The Mister gave me a really nice edition of the works of Umberto Saba, poet of Trieste, whose life spanned both World Wars. He fought as a soldier in the first war and was forced into hiding during the second. The poems are beautiful in their simplicity and autobiographical matter-of-factness.
We returned the first copy to the store because the book was missing pages, and this morning I got the replacement in the mail--it, too, is missing the same pages. So sadly I will have to choose another book (well, to be honest, that's not so sad a prospect).
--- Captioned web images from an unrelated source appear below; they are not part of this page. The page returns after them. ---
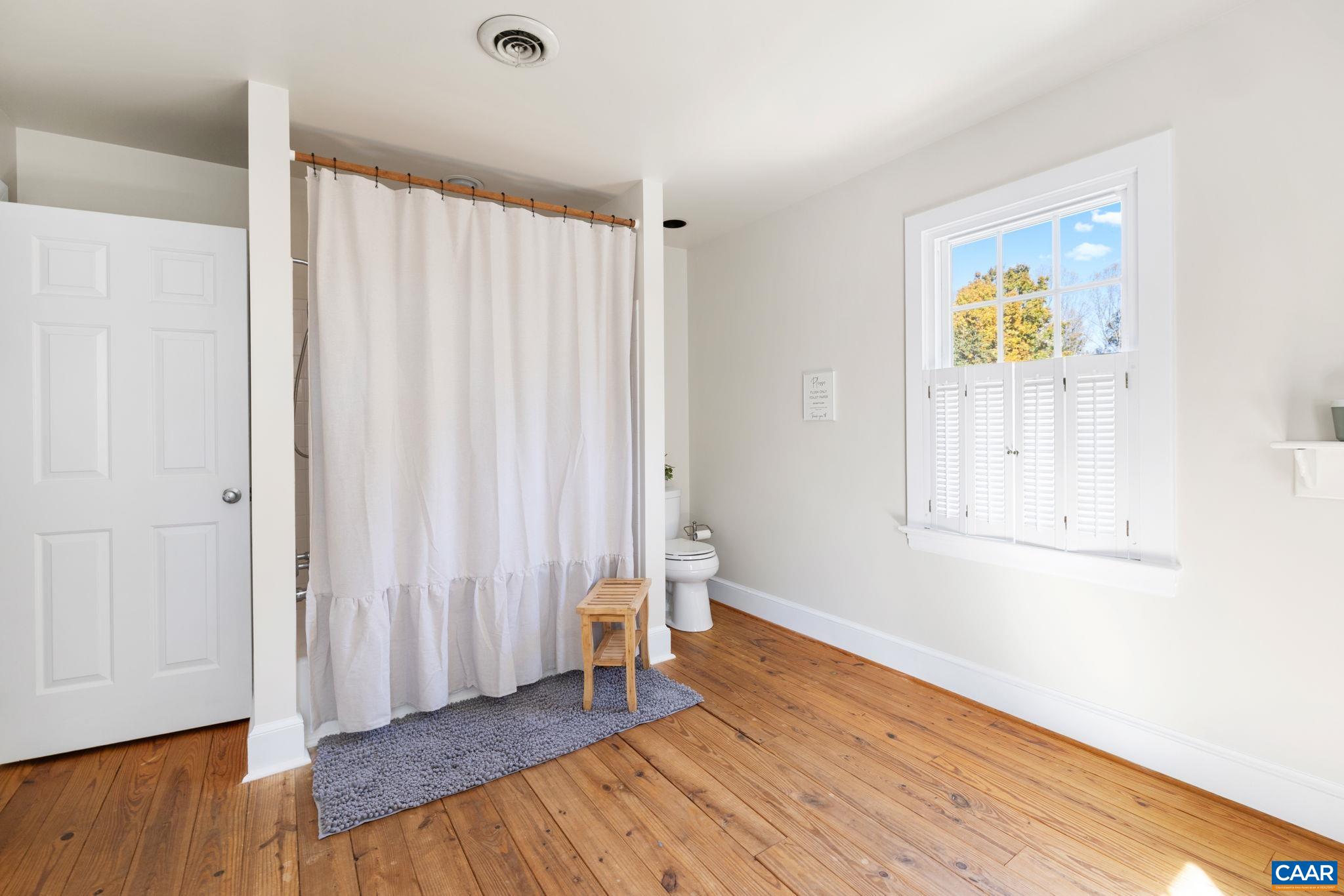 6256 OLD BUCKINGHAM RD, POWHATAN, Virginia 23139, 4 Bedrooms Bedrooms, ,2 BathroomsBathrooms,Residential,14,6256 OLD BUCKINGHAM RD,674215 MLS # 674215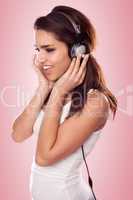 brunette woman listening tbrunette woman listening to the music wearing headphones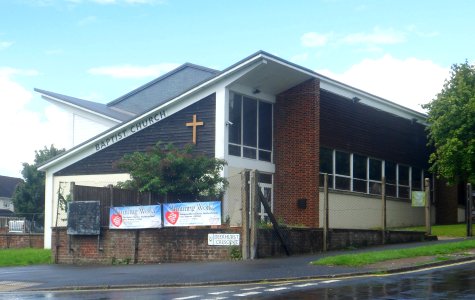 Paulsgrove Baptist Church, Woofferton Road, Paulsgrove (August 2017) (2)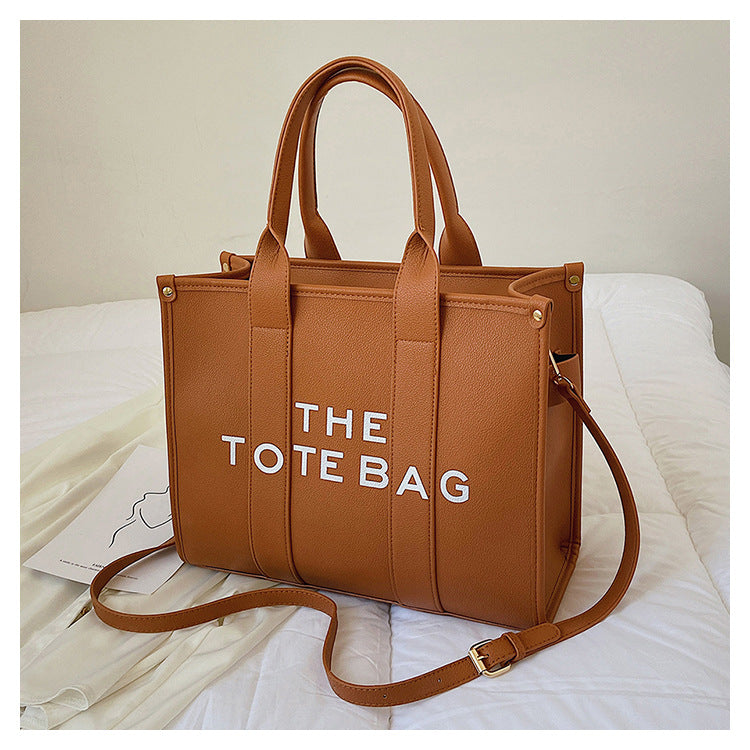 Women's Large Capacity Fashion Single Letter Shoulder Bags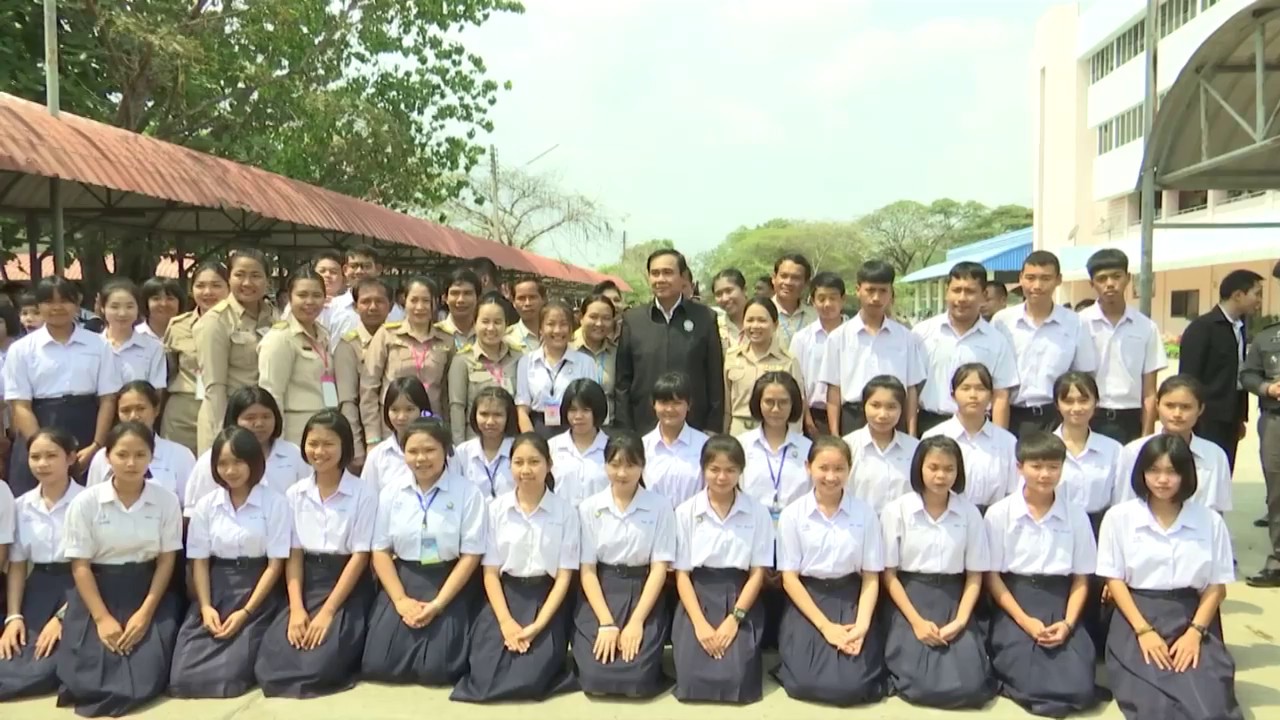 นายกรัฐมนตรีและคณะเยี่ยมชมการเรียนการสอนของโรงเรียนราษีไศล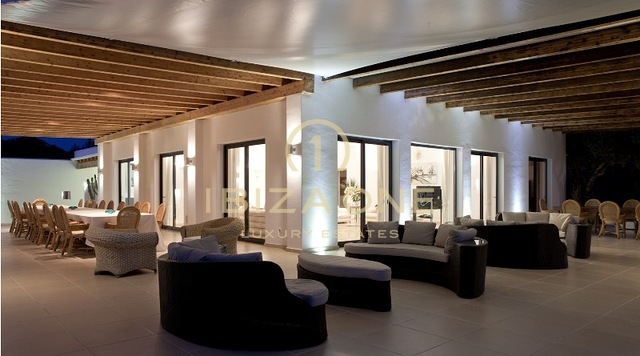 Smaakvolle luxe finca dichtbij Ibiza met uitzicht op Dalt Vila en de zee te koop, Ibiza - Smaakvolle luxe finca dichtbij Ibiza met uitzicht op Dalt Vila en de zee te huur, Ibiza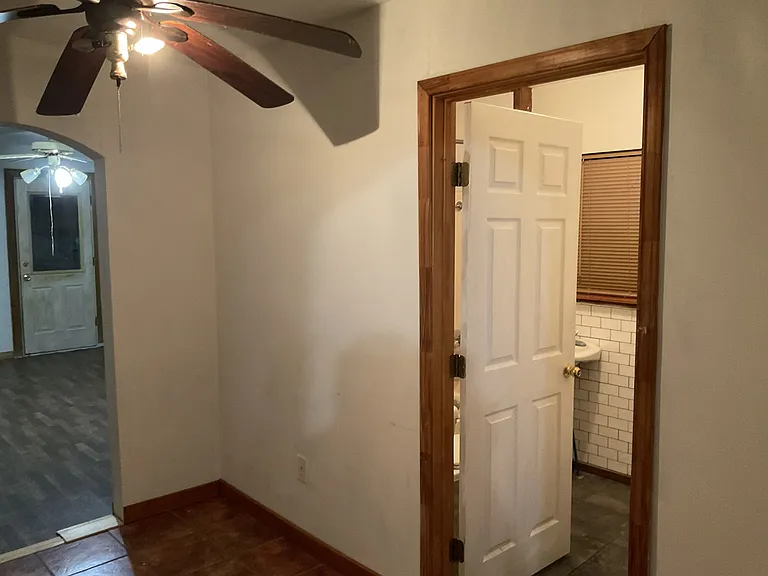 975 W Oak St — Photo 12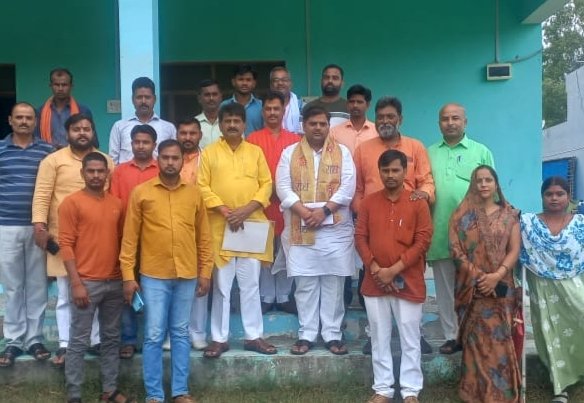 कासगंज: मानपुर नगरिया में भारतीय जनता पार्टी की विशेष बैठक आयोजित प्रधानमंत्री नरेंद्र मोदी के जन्मदिन को लेकर हुई चर्चा कासगंज: मानपुर नगरिया में भारतीय जनता पार्टी की विशेष बैठक आयोजित प्रधानमंत्री नरेंद्र मोदी के जन्मदिन को लेकर हुई चर्चा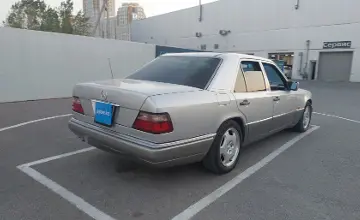 Mercedes-Benz E-Класс 1994 года за 2 900 000 тг. в Шымкент фото 3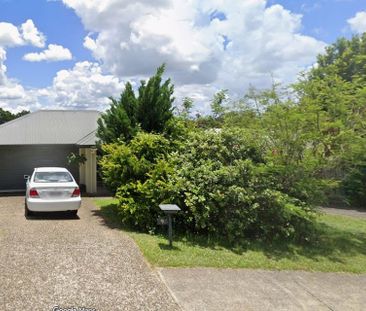 Spacious Family home close to schools - Photo 5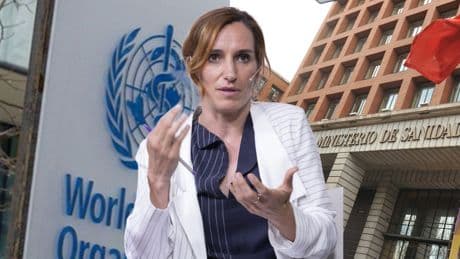 Mónica García receta opacidad: la ley del medicamento esconde la factura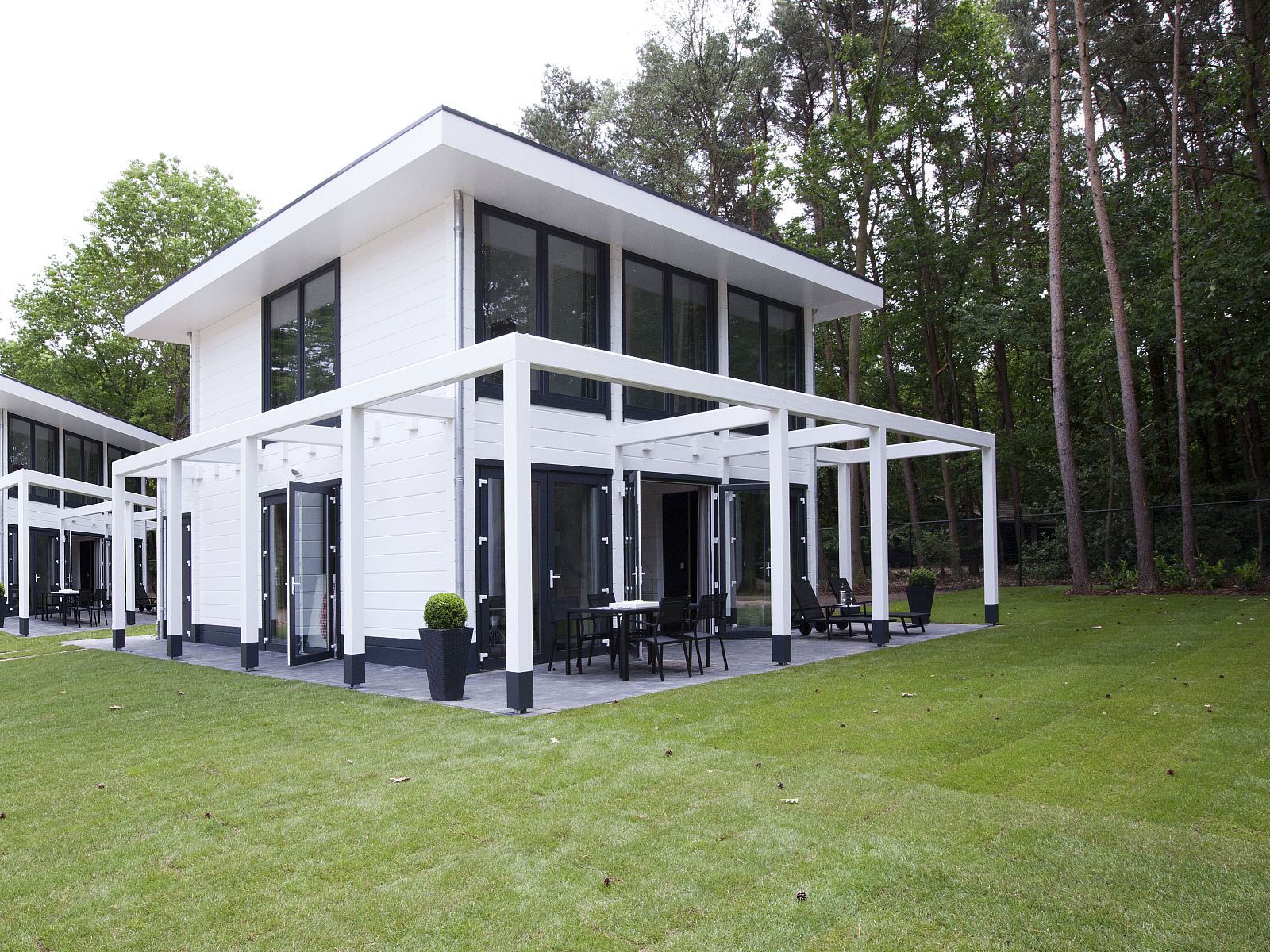 Verblijf 0547176 - Bungalow Limburg - Mooi Zutendaal | 4-persoons wellnessvilla | 4L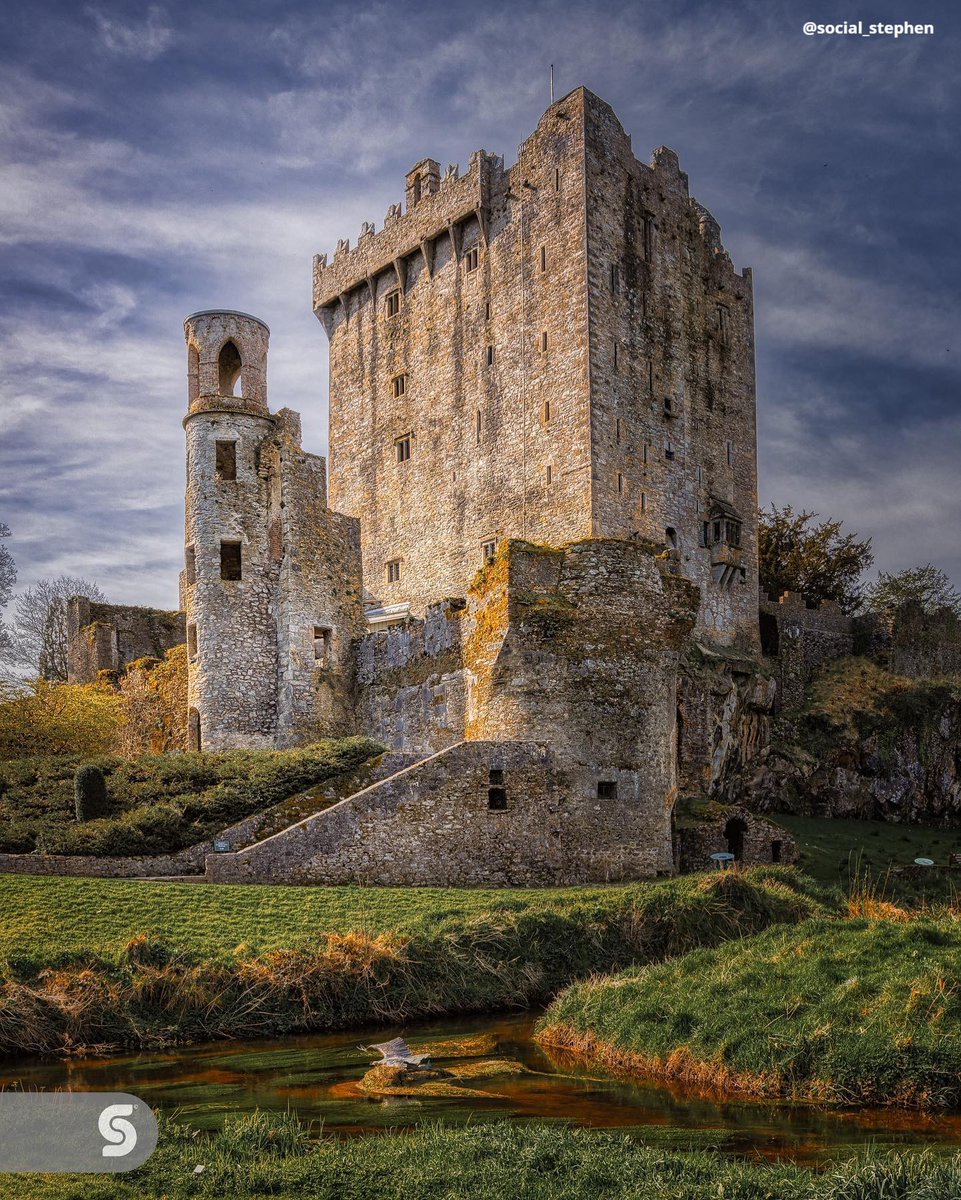 Smooch💋your way to some good luck by kissing Ireland’s famous stone in Blarney Castle🍀! Legend has it that a kiss on the stone gives you immense eloquent charm. But don't worry, the stone is disinfected between kisses. Also, be ready for a little contortion! #VisitEurope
Before I have to relinquish my gift, though, I've been skimming through as much of the book as possible, and I thought I'd share a poem (written during World War I).
The Egoist
You wonder at me and at the thing
so firmly locked in my heart
that I keep hidden from others' eyes;
because the human whirl may be peace to me,
because great gentleness holds fast in me;
because I seek the calm of meditation
even as bodies and minds are consumed by war,
I seem to you a really wicked man.
But wicked I am not, nor am I good.
You should know, then, that I am a poet.
Things tempt him, but not much,
that men make on the face of the earth
either with blood or in play.
He digs deep, deep is his treasure,
at the heart of the Earth, the golden heart.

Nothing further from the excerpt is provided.